Memory is growing to OOM when inserting huge data to mongo

187 Views Asked by At

I am loading 500k entries from a csv file to mongo with @feathers/mongodb.

In a hook, I am collecting all lines, manipulating them a little and insert the whole array with

let data_to_insert = [];

let element = function () {
    this.member1 = '';
    this.member2 = '';
    this.member3 = '';
    this.member4 = '';
    this.member5 = '';
    this.member6 = '';
};

// Read File
let content = await csv({
    delimiter: ';',
})
    .fromFile(pathCsv) // 120MB file, 500k entries
    .subscribe((line) => {
        let t_elem = new element();
        t_elem.member1 = roundMinutes(line.member1); //returns date
        t_elem.member2 = line.member2;
        t_elem.member3 = line.member3;
        t_elem.member4 = line.member4;
        t_elem.member5 = new Date(
            +line.member5 * 1000,
        ); // JS: timestamp * 1000
        t_elem.member6 = new Date(
            +line.member6 * 1000,
        );

        data_to_insert.push(t_elem);
    });

// store the list
context.app.service('api/myservice').create(data_to_insert);
// all entries are written in the db. Heap grows afterwards

return;

to mongo. It works perfectly and the data is written in about 10 seconds to the database.

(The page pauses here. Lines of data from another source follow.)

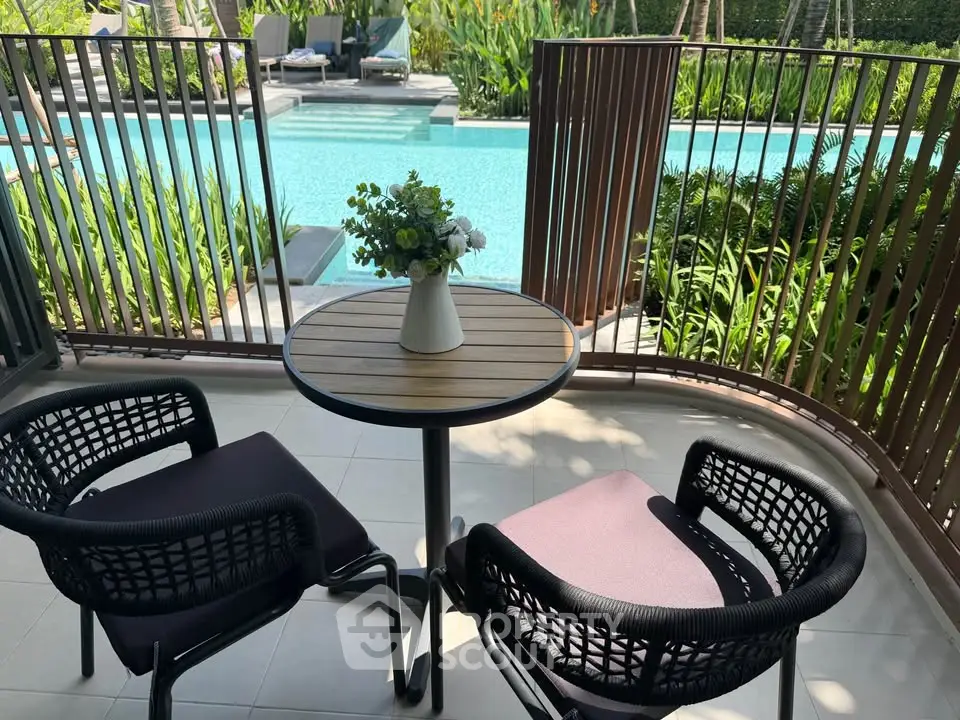 Charming balcony with pool view, perfect for relaxation and leisure.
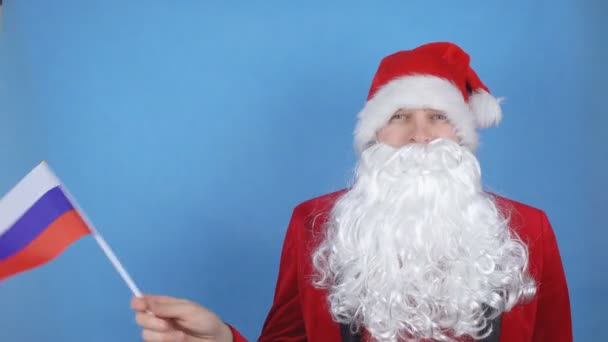 A man in a Santa Claus costume with a beard waving the flag of Russia on a blue background. New Year holidays concept in the world - Video, Çekim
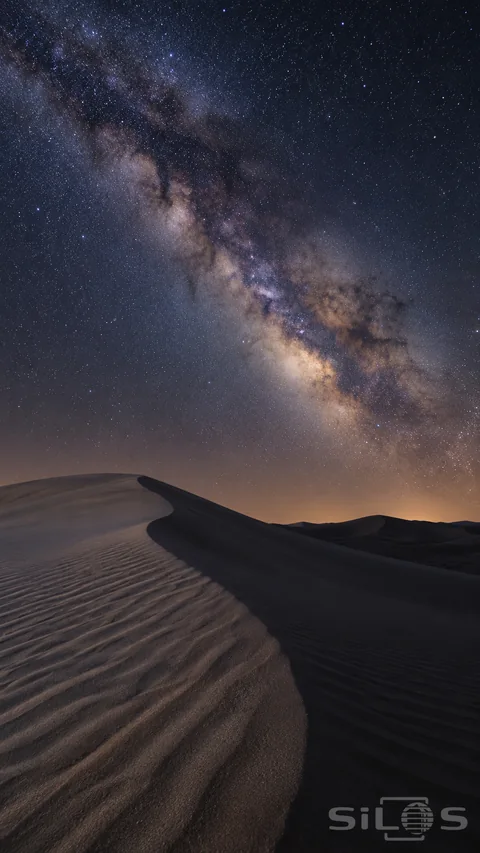 The Milky Way and small stars fill a blue-black night sky above curved sand dunes and sharply textured ripples.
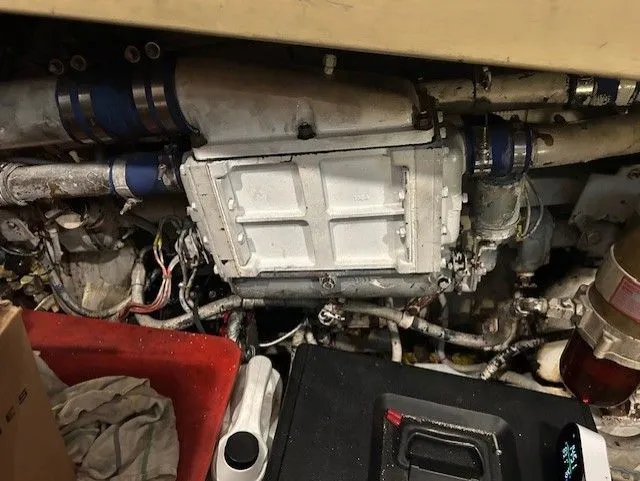 Slide: The Image of Engine compartment of 1984 Post 43 Sport Fisherman boat, showing mechanical components and wiring. - 18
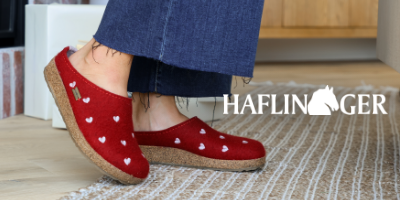 Woman standing by fireplace wearing Haflinger slippers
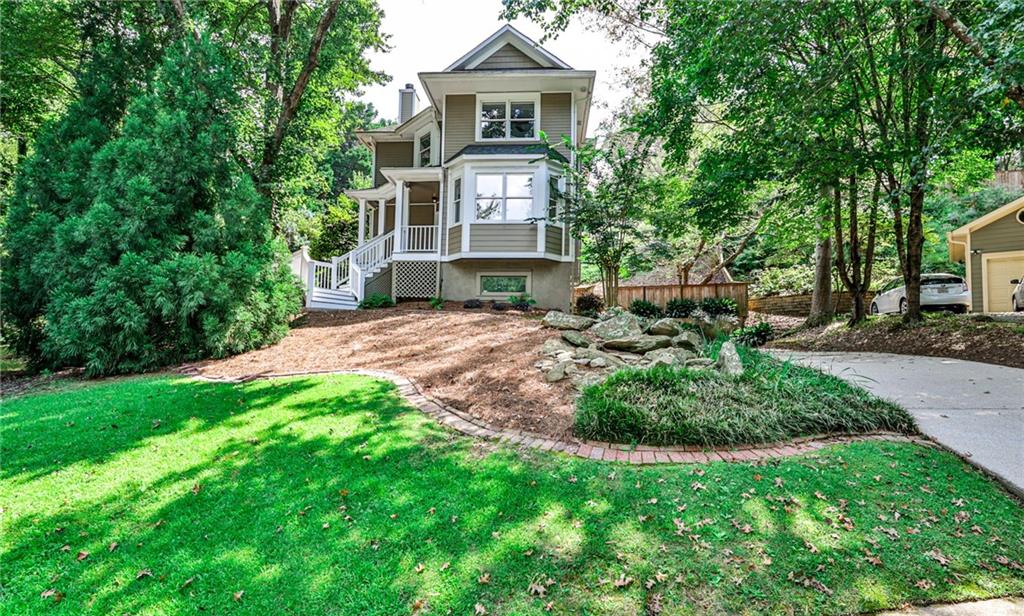*OPEN THIS SUNDAY, 9/7 from 2-4PM! A very charming 4 bedroom, 3.5 bathroom Lake Claire gem, perfectly perched on a peaceful cul-de-sac! Elevated for privacy and curb appeal, the home greets you with a fabulous front porch—ideal for morning coffee or evenings spent unwinding. Step out back and you’ll find not one, but two expansive decks, both recently replaced and ready for entertaining, grilling, or simply soaking up the treetop views. It has a 2-car garage with ample storage, a basement with a full bathroom & the location is truly unbeatable—just a short stroll to the Lake Claire community pool and minutes from Little Five Points, Candler Park Golf Course, Deep Dene Park, and all the best Intown dining, shopping, and culture. Here, you get the rare balance of quiet neighborhood living with easy access to everything Atlanta has to offer!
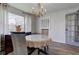 Well-lit dining room featuring neutral decor, light wood floors, and modern furniture at 5014 Dawn St, Anderson, IN 46013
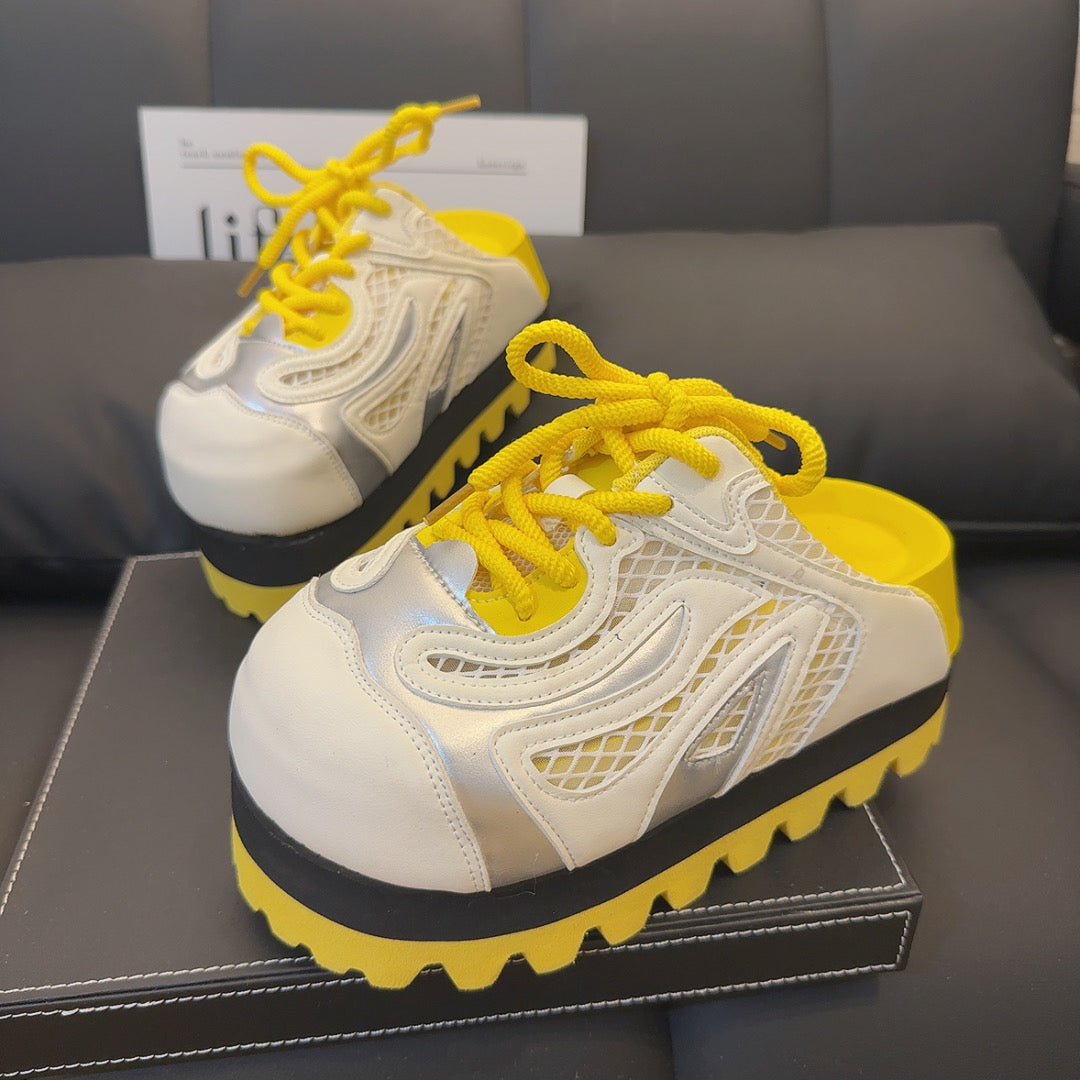 A pair of chunky platform sneakers with a vibrant yellow jagged sole, a black midsole, and a white and silver upper with yellow laces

However, I noticed with pm2 that the heap is growing up to 8GB and then the process runs into an out of memory. I am wondering why this happens afterwards. Can this be related to 500k create events which gets triggered?

Snapshot with chrome devtools: enter image description here

Especially the Strings are huge. If I check them I can see some "event strings" which eats most of the memory: enter image description here

If I try to call the hook again, it gets stuck. I (or PM2) has to restart the process to get it up and running again:

PM2          | [PM2][WORKER] Process 0 restarted because it exceeds --max-memory-restart value (current_memory=8904929280 max_memory_limit=8589934592 [octets])
PM2          | Process 0 in a stopped status, starting it
PM2          | Stopping app:Collector id:0
PM2          | pid=53621 msg=failed to kill - retrying in 100ms
PM2          | pid=53621 msg=failed to kill - retrying in 100ms
PM2          | pid=53621 msg=failed to kill - retrying in 100ms
PM2          | pid=53621 msg=failed to kill - retrying in 100ms
PM2          | pid=53621 msg=failed to kill - retrying in 100ms
PM2          | pid=53621 msg=failed to kill - retrying in 100ms
PM2          | pid=53621 msg=failed to kill - retrying in 100ms
PM2          | pid=53621 msg=failed to kill - retrying in 100ms
PM2          | pid=53621 msg=failed to kill - retrying in 100ms
PM2          | App [Collector:0] exited with code [0] via signal [SIGINT]
PM2          | pid=53621 msg=process killed
PM2          | App [Collector:0] starting in -fork mode-

If this is related to the events, how to deactivate this for an insert of this kind? If not, what should be optimised in this code to circumvent this bloat in heap?

Thanks for your help.

1

There are 1 best solutions below

0
christoph On

Thanks to @bwgjoseph on http://feathersjs.slack.com

Two possibilities:

  1. https://docs.feathersjs.com/api/hooks.html#context-event

Setting context.event = null to skip only publishing hooks. This will then affect all calls in this context/hook you're running in.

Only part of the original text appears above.